» Work to be completed:
The listing below should be reproduced precisely, except for its images.

» Supplied information:

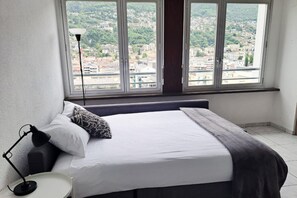 A bedroom with a bed, a bedside lamp, a window with a view of a cityscape. - A few steps from the center of Locarno (Loft Torre 2) (Locarno)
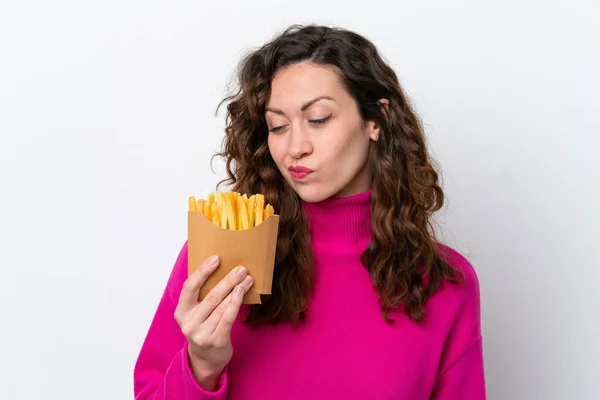 Young Caucasian Woman Catching French Fries Isolated White Background Sad — 스톡 사진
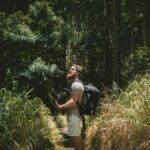 Person spending time in nature through outdoor experiences and active lifestyle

» Task result:
 A bedroom with a bed, a bedside lamp, a window with a view of a cityscape. - A few steps from the center of Locarno (Loft Torre 2) (Locarno)
 Young Caucasian Woman Catching French Fries Isolated White Background Sad — 스톡 사진
 Person spending time in nature through outdoor experiences and active lifestyle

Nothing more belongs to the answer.